A self-injection syringe 10 is shown in FIG. 1 in its initial state corresponding to its state of storage before use. It comprises an injection cartridge 12 according to the invention and an external housing 14 in which the cartridge is mounted.

The injection cartridge 12 comprises a substantially cylindrical tube 16. The interior surface of the tube is generally cylindrical with a circular section. In its median part, the tube has a median section 18 where its inner surface has a profile delimiting at least one flow passage allowing the extemporaneous mixing of two initially separate substances contained in the tube.

The median section 18 is bordered on either side by sections with a smooth cylindrical inner surface devoid of projecting or hollow profiles.

As illustrated in Figures 2 to 4, the section 18 has a set of ribs 20 extending parallel to each other along generatrices of the tube. These ribs 20 protrude from the inner cylindrical surface of the tube. They define between them parallel channels 22 forming passages for the flow of a fluid.
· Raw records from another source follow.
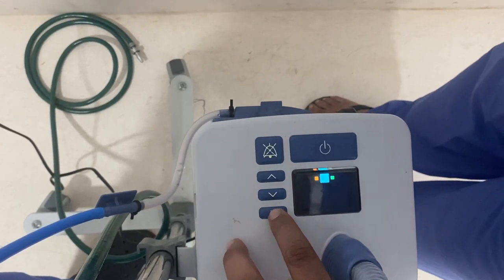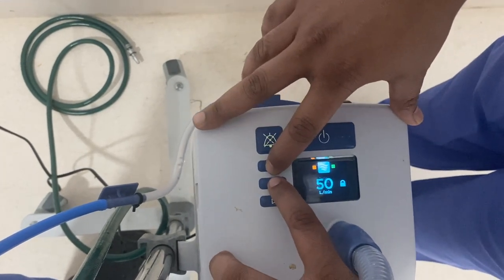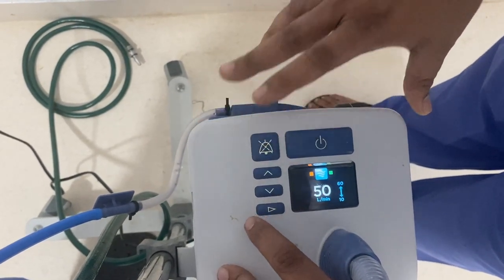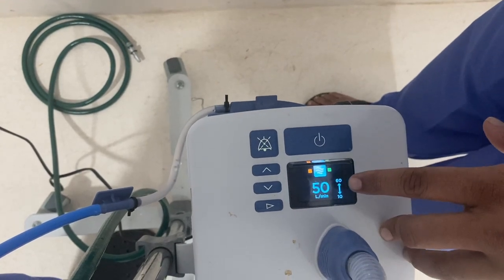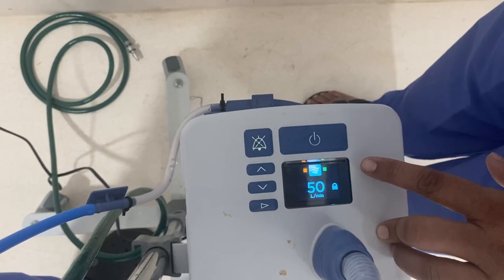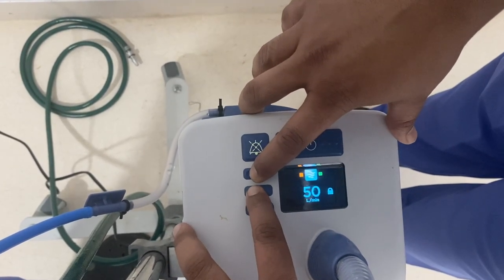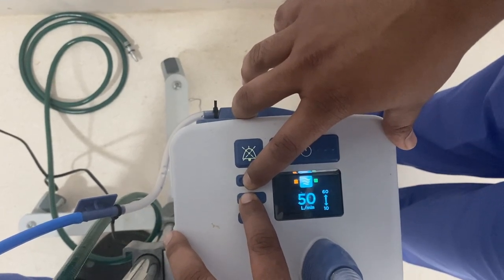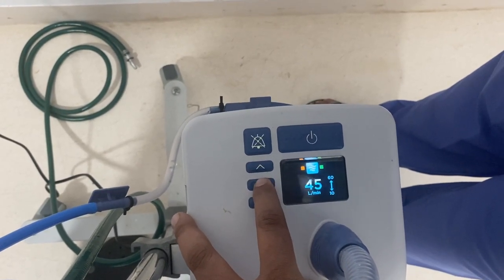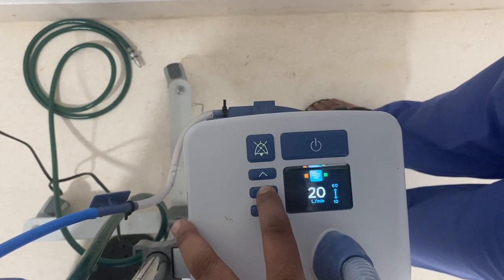If you press the mode button again, we come to the flow setting. Again, we can change the flow by long pressing the up and down buttons for 3 seconds until the flow value starts blinking. The limits are 10 liters per minute to 60 liters per minute. We can set it as necessary — 60, 55, 50, 45, 40. After 30, the unit reduces in increments of 1.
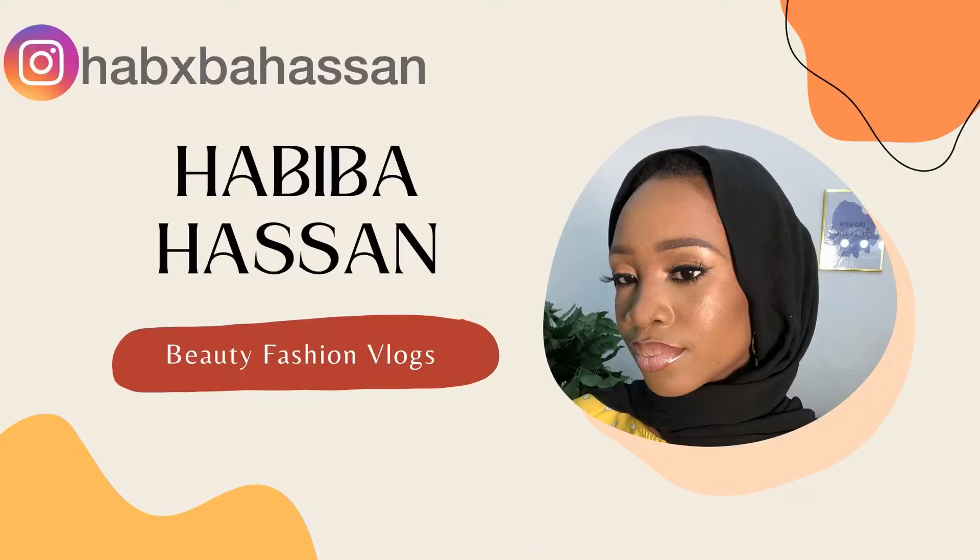Hello everyone, welcome back to my channel. My name is Habiba. If you're new here, please subscribe. In this video I'll be showing you guys a wedding guest makeup tutorial. I went to a wedding some weeks ago and got inspired to do this video. This is a full face, full glam makeup tutorial and I hope you guys enjoy.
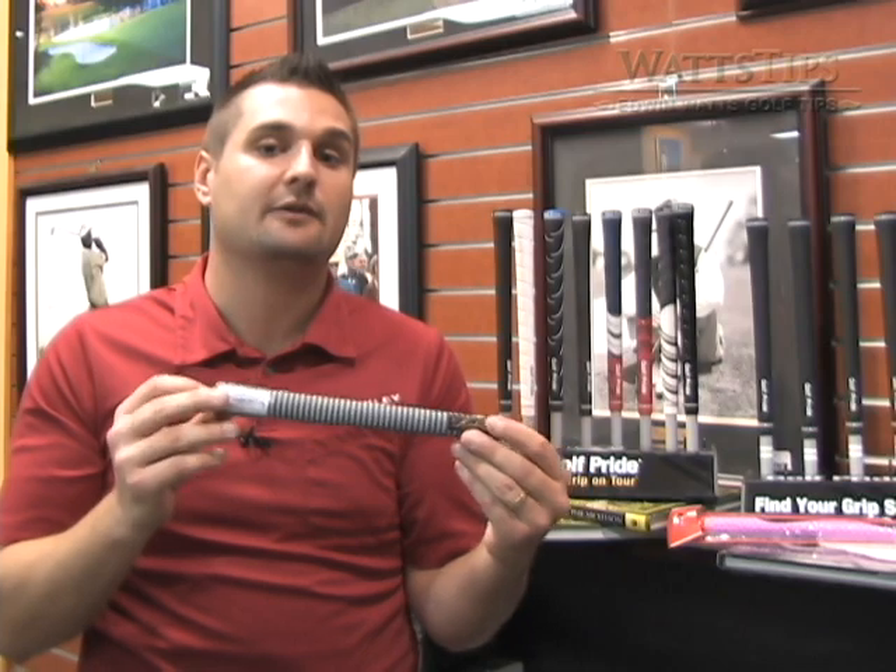You might need a mid-size, you might need a jumbo — it's going to take you coming in and getting fit for the right grip and grip style for your golf swing and game. A too-small grip might have a tendency to close the club face too much in your swing, while too big of a grip might have a tendency to leave the club face open.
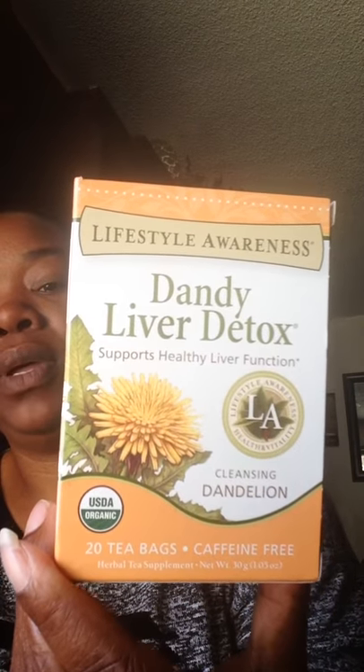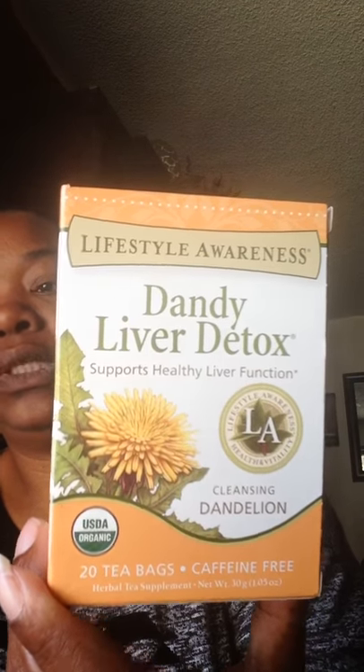I love it. I have my tea right here. This is a detox tea that I use. My daughter purchased this for me — she knows I love teas. I don't know exactly where she got it from, but I really like what it's doing for me.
The ends of the ribs facing the rear of the tube have a chamfer 24 visible in FIG. 3.

The ribs are distributed regularly over the inner periphery of the tube.

Two successive ribs are spaced approximately 18 ° apart. The height of each rib is of the order of 0.3 mm, the diameter of the tube being approximately 12 mm. These ribs are approximately 8.5 mm long. The tube 16 is advantageously made of injected plastic. To do this, a mold is used which defines a generally cylindrical cavity. Along the axis of the cavity are initially arranged two cylindrical pins placed end to end. These pins form a core capable of delimiting the tubular conduit formed inside the tube 16. One of the pins has at its end grooves extending parallel to each other along generatrices. These grooves are adapted to form the ribs 20 formed on the interior surface of the tube 16.

While the two pins forming the core are arranged in the cavity, molten plastic is injected into the mold. For the removal of the two pins, each of them is pulled along the axis of the tube from one end of the latter. The tube thus formed can be removed from the mold cavity.

It will be appreciated that the profiles making it possible to define the passage channels 22 being protruding profiles, the manufacture of the tube 16 is very simple to carry out since no insert comprising radially movable parts must be used.

From a rear end, the injection cartridge 12 comprises a movable partition 30 forming a piston, the cylindrical lateral surface of which is provided with peripheral ribs in order to ensure the liquid and gas tightness between it and the interior lateral surface of the tube 16.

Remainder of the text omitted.